MANUAL PARA A REALIZAÇÃO DA DISCIPLINA DE ESTÁGIO 
SUPERVISIONADO 
 
 
 
Coordenadora do Curso de Nutrição 
Gabriela Luciana Santos Bastos Teixeira 
 
Coordenadora de Estágios do Curso de Nutrição 
Camila Chiara Pereira de Oliveira 
 
Professor (a) da Disciplina de Estágio Supervisionado 
Ísis Lucília Borges – Estágio Supervisionado em Nutrição Clínica 
 
 
 
Recife, Julho de 2015. 
Revisão 2017 
 
 
 
 
 
MANUAL DO ESTÁGIO DE NUTRIÇÃO EM NUTRIÇÃO CLÍNICA 
 
No estágio de Nutrição Clínica deverá compor a atuação em serviço, as 
atividades de atenção dietética ambulatorial individualizada, as diversas 
especialidades clínicas. Vivência da rotina de um Nutricionista Clínico, com 
ênfase na dietoterapia, avaliando os pacientes e estudando cada caso e 
favorecendo a integração do estudante com os pacientes, com os nutricionistas 
clínicos e com a equipe multiprofissional. Ao final o estagiário deverá entregar 
conforme prazo estabelecido em cronograma vigente no estágio atual um 
relatório final segundo roteiro sugerido nesse manual. 
 
Roteiro para o relatório em Nutrição Clínica 
 
 Introdução (Máximo de ½ página) 
Através de uma revisão bibliográfica, o aluno deverá descrever, 
objetivamente, as atividades do nutricionista na área clínica e justificar a 
importância dessa atuação, finalizando com o objetivo do estágio. 
 
Descrição do Local de Estágio (Máximo de ½ página) 

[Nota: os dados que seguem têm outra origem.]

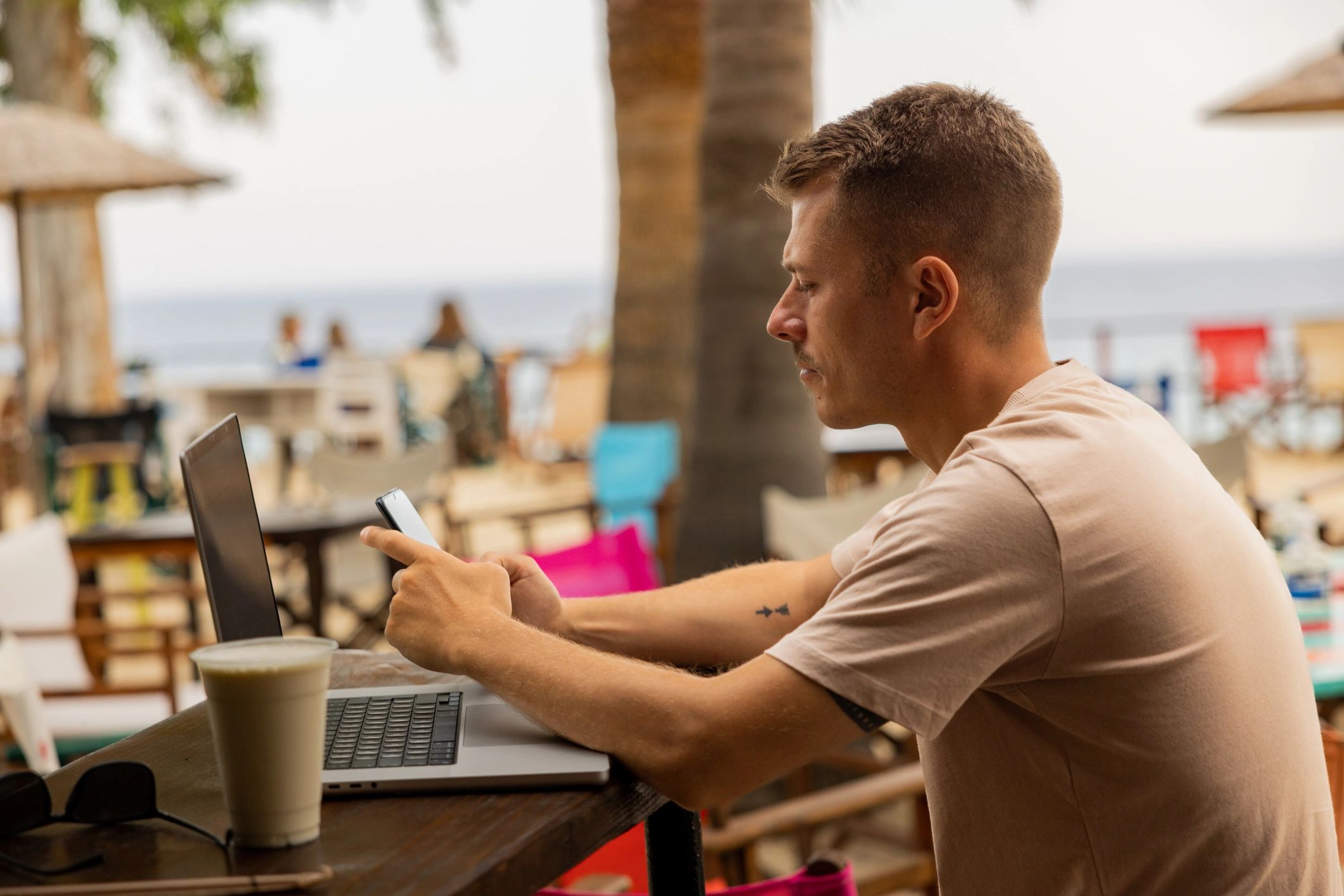 Traveler planning a trip on a laptop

Descrever o local onde está sendo desenvolvido o estágio 
supervisionado: Instituição, endereço, nome do supervisor de campo, horário e 
período do estágio, carga horária total (teórica e prática) etc.. 
 
Caracterização do Local de Estágio (Máximo de 1página) 
Nível de complexidade médica, especialidades médicas, nº de leitos, nº 
de funcionários (em especial, nº de nutricionistas), nº de pacientes/nutricionista 
(comparar com as recomendações da assistência)etc.. 
 
Atividades de Estágio em Nutrição Clínica (Máximo de 2 páginas) 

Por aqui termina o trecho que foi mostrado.